*INSTRUCTIONS FOR THE TASK:* Your output must be the line containing "CUARTETO DE ROSENDORF" followed by every later line in the entries below, all copied exactly.

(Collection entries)
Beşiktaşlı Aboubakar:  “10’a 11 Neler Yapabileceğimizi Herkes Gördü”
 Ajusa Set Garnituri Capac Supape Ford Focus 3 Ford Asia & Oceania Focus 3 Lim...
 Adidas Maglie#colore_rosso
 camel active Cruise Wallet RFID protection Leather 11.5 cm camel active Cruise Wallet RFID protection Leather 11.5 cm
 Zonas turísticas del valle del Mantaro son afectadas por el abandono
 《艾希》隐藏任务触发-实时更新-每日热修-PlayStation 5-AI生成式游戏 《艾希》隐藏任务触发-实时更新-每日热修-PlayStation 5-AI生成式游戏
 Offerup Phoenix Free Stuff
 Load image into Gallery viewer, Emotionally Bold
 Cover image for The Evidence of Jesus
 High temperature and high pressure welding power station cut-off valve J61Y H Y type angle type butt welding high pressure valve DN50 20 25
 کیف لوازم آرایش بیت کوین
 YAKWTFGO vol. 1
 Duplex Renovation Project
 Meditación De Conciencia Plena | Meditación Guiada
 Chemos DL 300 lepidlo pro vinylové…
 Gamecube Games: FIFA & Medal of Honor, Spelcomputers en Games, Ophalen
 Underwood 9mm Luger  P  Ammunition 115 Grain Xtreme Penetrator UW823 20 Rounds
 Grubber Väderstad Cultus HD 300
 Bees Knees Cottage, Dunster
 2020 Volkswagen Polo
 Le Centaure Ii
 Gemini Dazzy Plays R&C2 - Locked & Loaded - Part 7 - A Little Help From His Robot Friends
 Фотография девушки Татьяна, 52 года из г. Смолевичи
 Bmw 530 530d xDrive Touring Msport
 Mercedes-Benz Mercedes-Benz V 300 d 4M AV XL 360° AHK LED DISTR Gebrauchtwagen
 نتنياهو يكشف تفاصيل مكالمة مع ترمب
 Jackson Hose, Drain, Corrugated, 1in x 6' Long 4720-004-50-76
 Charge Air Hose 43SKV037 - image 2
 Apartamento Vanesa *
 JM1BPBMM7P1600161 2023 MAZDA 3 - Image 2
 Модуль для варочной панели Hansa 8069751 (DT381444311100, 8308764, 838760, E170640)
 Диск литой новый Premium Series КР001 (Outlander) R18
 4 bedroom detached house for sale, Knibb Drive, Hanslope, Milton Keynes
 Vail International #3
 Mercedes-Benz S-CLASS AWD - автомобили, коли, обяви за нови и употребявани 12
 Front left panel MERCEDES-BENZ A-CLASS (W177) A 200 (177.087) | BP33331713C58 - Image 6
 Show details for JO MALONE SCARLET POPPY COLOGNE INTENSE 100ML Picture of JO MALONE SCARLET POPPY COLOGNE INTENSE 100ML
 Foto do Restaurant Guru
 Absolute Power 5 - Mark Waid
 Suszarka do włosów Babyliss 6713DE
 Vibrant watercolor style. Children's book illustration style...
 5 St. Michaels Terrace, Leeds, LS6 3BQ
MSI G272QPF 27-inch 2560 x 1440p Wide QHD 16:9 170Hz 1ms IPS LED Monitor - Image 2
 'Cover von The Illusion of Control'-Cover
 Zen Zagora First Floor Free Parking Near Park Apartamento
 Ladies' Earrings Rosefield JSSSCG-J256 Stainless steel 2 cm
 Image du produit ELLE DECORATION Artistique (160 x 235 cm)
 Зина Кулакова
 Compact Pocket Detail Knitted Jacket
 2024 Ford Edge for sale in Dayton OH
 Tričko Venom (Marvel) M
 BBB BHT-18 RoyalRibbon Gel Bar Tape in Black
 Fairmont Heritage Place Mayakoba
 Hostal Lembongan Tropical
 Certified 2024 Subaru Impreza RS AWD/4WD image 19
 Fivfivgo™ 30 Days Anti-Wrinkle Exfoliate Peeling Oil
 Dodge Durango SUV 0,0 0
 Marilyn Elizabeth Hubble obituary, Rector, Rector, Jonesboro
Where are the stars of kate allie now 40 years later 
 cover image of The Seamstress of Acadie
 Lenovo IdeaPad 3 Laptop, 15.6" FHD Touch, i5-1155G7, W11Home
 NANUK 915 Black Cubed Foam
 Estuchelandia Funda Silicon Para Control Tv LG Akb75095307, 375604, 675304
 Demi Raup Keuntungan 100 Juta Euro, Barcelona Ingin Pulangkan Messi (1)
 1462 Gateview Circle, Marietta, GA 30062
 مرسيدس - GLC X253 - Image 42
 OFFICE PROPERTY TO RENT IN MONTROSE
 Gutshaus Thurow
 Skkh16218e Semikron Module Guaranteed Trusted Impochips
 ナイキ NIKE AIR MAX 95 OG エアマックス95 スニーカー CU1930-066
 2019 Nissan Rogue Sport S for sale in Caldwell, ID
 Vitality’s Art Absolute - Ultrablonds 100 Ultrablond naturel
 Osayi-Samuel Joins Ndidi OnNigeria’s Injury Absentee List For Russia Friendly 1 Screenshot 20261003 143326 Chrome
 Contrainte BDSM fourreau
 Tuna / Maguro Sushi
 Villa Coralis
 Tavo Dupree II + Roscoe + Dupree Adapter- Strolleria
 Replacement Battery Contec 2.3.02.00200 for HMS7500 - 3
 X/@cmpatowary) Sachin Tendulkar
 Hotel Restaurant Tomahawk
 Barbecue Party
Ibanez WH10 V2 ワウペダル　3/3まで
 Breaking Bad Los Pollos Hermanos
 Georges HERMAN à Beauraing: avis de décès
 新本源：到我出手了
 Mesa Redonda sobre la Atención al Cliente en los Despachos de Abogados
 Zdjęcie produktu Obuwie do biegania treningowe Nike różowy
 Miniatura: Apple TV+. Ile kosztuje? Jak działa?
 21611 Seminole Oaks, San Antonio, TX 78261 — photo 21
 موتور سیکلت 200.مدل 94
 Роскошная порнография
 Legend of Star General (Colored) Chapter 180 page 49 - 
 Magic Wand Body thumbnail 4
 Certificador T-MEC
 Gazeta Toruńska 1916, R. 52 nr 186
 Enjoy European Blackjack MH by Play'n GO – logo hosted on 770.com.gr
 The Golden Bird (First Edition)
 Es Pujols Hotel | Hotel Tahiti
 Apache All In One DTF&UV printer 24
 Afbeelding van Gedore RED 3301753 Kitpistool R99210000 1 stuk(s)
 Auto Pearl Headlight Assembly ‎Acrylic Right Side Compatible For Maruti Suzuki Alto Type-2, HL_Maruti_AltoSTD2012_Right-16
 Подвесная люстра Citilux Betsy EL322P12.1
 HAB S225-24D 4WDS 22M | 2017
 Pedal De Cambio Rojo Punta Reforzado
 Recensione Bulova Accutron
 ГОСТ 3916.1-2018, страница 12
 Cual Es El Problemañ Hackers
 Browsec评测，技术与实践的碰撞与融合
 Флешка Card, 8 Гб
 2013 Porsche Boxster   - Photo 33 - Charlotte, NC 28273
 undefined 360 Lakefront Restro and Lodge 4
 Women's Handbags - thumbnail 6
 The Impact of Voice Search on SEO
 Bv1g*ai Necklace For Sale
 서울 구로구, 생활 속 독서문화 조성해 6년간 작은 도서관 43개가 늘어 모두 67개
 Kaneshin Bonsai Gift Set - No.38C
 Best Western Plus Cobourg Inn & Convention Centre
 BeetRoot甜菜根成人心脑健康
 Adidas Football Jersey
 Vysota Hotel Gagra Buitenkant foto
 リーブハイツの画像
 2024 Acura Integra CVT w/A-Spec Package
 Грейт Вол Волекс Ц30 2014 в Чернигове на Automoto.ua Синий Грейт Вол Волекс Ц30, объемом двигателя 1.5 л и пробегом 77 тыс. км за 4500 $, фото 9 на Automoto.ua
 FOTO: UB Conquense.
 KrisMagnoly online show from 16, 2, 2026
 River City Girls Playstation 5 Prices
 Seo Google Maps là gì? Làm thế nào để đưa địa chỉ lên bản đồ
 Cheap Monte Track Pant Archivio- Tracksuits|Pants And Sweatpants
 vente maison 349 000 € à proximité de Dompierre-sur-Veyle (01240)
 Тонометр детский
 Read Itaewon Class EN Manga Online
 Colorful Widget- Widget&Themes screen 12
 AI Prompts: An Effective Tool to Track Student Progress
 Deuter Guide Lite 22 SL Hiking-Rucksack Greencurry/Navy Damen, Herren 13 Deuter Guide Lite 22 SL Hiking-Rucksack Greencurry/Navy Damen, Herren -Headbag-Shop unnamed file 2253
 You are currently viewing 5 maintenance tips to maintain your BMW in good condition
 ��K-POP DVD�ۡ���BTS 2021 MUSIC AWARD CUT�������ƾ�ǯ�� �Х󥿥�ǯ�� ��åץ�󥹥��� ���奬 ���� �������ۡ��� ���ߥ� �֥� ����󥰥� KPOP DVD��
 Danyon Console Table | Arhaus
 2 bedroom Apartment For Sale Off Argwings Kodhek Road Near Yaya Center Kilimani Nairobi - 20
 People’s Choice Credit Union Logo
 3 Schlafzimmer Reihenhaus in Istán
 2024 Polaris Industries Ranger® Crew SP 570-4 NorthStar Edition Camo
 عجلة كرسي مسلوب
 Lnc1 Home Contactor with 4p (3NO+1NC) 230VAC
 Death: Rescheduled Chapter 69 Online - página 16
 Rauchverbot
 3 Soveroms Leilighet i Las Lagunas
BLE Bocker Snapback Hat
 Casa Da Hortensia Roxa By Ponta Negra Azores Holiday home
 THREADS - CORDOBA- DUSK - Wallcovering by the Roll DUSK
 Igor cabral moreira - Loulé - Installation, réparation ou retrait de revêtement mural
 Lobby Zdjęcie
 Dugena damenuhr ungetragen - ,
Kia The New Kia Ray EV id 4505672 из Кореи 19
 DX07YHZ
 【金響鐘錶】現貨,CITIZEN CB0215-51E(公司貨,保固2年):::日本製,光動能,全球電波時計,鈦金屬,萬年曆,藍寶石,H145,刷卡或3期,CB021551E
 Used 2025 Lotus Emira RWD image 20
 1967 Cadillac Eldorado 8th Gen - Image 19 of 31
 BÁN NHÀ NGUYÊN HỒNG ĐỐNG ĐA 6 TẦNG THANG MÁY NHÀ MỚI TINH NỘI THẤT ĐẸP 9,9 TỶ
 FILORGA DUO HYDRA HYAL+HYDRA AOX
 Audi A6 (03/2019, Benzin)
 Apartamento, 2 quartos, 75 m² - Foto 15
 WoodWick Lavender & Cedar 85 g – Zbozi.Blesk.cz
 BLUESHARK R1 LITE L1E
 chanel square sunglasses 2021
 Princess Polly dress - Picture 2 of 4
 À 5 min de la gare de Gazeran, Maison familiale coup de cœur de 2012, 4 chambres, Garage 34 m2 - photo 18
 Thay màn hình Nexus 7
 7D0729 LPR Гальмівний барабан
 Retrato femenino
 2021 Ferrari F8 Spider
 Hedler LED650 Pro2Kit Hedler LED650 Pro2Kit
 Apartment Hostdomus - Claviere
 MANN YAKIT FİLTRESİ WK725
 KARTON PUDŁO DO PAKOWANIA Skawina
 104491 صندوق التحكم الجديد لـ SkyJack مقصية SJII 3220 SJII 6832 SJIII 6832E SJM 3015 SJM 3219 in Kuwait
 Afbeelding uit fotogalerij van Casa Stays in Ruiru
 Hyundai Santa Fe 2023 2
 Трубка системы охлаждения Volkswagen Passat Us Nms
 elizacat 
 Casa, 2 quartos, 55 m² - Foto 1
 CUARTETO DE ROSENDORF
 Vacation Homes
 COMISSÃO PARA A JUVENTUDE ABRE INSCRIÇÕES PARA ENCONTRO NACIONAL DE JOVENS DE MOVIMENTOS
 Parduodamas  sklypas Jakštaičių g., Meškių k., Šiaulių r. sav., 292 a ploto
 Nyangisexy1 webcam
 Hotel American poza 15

*WRITTEN REPLY:*
 CUARTETO DE ROSENDORF
 Vacation Homes
 COMISSÃO PARA A JUVENTUDE ABRE INSCRIÇÕES PARA ENCONTRO NACIONAL DE JOVENS DE MOVIMENTOS
 Parduodamas  sklypas Jakštaičių g., Meškių k., Šiaulių r. sav., 292 a ploto
 Nyangisexy1 webcam
 Hotel American poza 15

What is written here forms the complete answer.